- **What you need to do**:
Would you repeat word for word the lines of the listing that follows, from the one with "Nissan NV400 (10/11" up to and including the one with "Komplet przednich wycieraczek", and leave out the images?

- **Data excerpts**:
☆ ☆ ☆ ☆ ☆

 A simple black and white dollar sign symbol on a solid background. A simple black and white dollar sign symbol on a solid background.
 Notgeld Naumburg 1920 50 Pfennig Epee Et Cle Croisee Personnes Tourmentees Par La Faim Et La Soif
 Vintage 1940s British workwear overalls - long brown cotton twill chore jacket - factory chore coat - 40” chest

☆ ☆ ☆ ☆ ☆

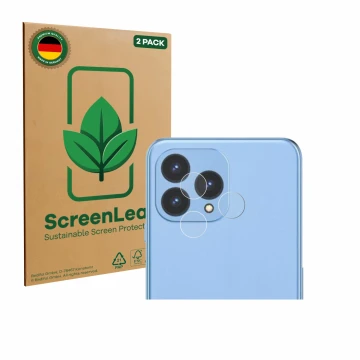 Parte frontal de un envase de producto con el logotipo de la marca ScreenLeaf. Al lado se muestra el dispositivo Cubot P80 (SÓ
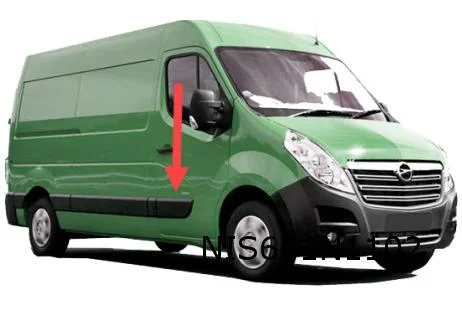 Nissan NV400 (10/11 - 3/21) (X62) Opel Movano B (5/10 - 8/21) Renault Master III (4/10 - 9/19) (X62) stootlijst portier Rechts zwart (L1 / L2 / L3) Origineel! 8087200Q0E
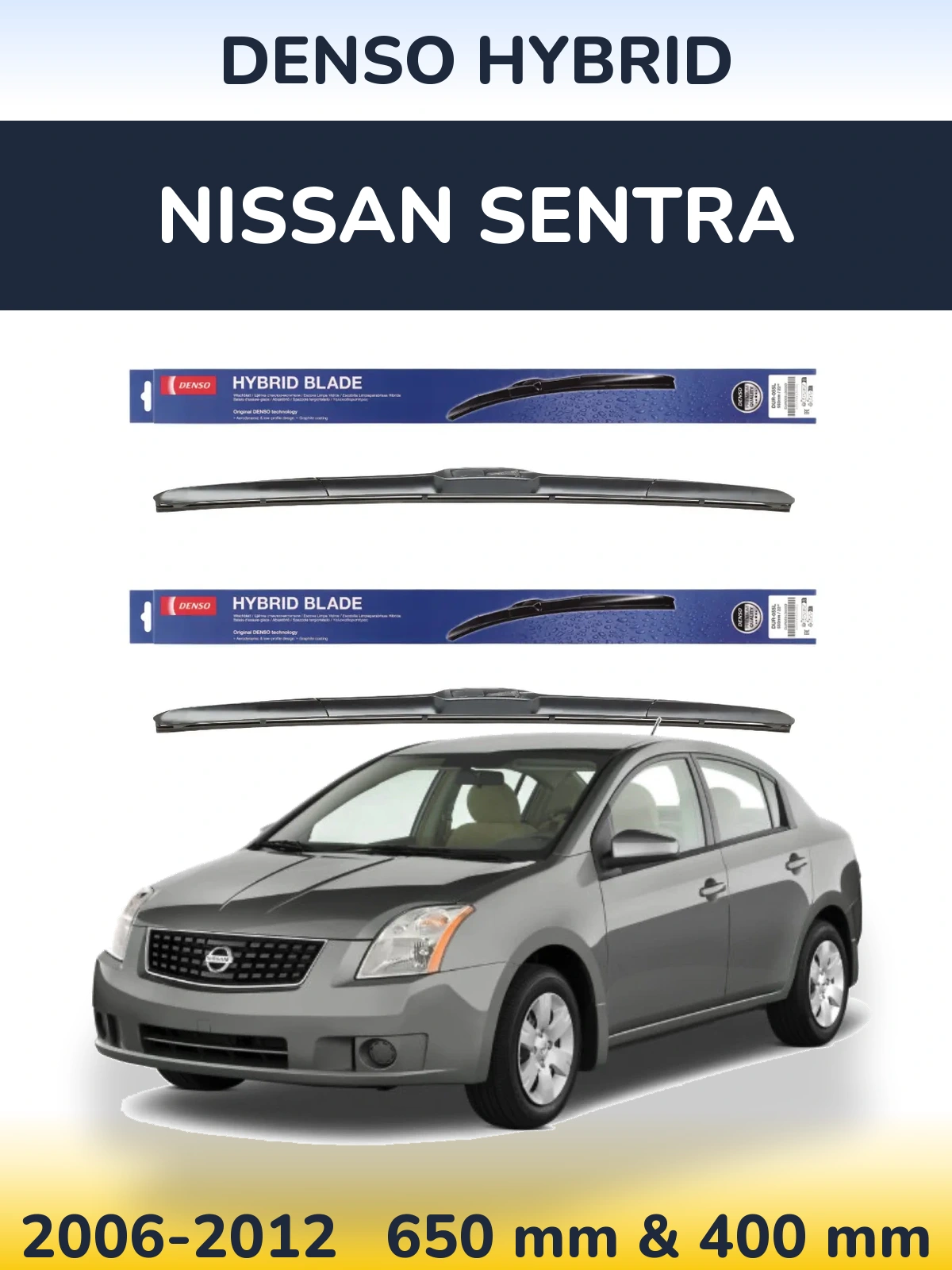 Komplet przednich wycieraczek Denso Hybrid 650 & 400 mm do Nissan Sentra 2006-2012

☆ ☆ ☆ ☆ ☆

- **Output of the task**:
 Nissan NV400 (10/11 - 3/21) (X62) Opel Movano B (5/10 - 8/21) Renault Master III (4/10 - 9/19) (X62) stootlijst portier Rechts zwart (L1 / L2 / L3) Origineel! 8087200Q0E
 Komplet przednich wycieraczek Denso Hybrid 650 & 400 mm do Nissan Sentra 2006-2012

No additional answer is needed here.